Deconstruction has always been a guiding force for Fernando Garcia and Laura Kim at Monse. The first look of their first runway show was a mini dress that mimicked a men’s shirt wrapped around the shoulders—a harbinger of things to come. “There’s always that element of undressing,” Garcia says. Fall 2022 adds a new layer to that conceal-and-reveal concept. The key print in the collection is inspired by wheatpaste posters in Paris that were ripped, revealing all the layers of advertisements past underneath. The individual elements of this print—a mishmash of tapestries and ornate florals—also call to mind old aristocratic decor.

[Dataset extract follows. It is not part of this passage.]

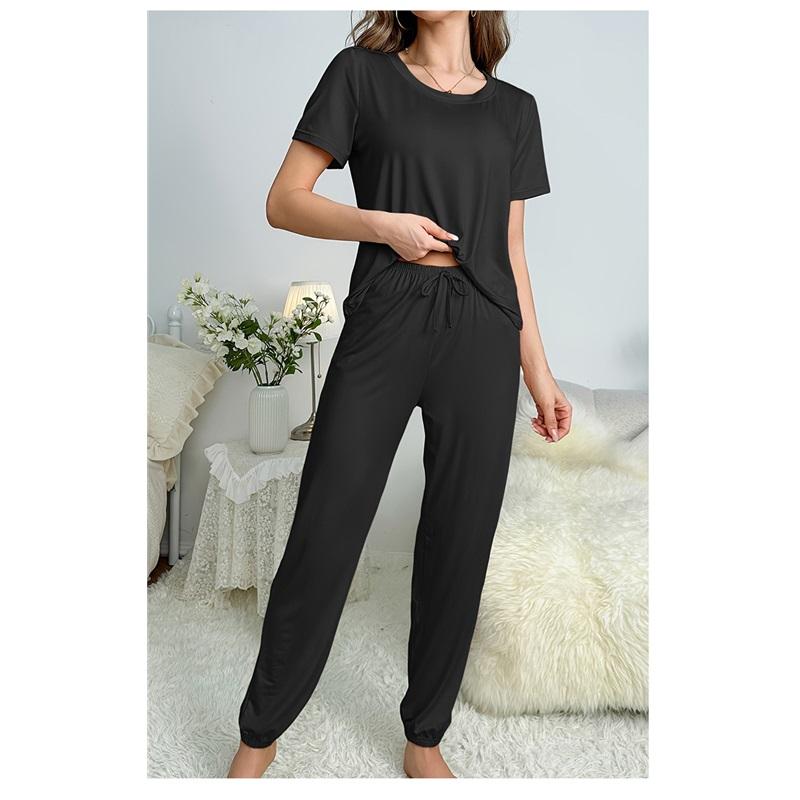 Pyžamový oblek klasický dámský jednobarevný mléčný hedvábí s krátkým rukávem kulatý výstřih tričko kalhoty oblek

In fact, Tudor England also influenced this season, which is evident in the corsets. Done up in sheer black mesh and jersey, it all feels youthful, with a little punk undercurrent. Some of the dresses and sweaters have potential cutouts that can be exposed or closed via hook-and-eye closures. A dress with a red houndstooth skirt and a leather bodice is separated at the empire-waist by such hooks; the wearer can choose how much or how little they want to reveal. Similarly, the moto jackets have sleeves that can be unzipped to show a little shoulder, or a sliver of sweater.
The most classically Monse item is the closing black dress, which features a triangle of a beige corset. Complete with laces up the front and at the shoulder, it stops short of being fussy. Maybe because the ties end in metal aglets like shoelaces, it looks glamorous, yet relaxed.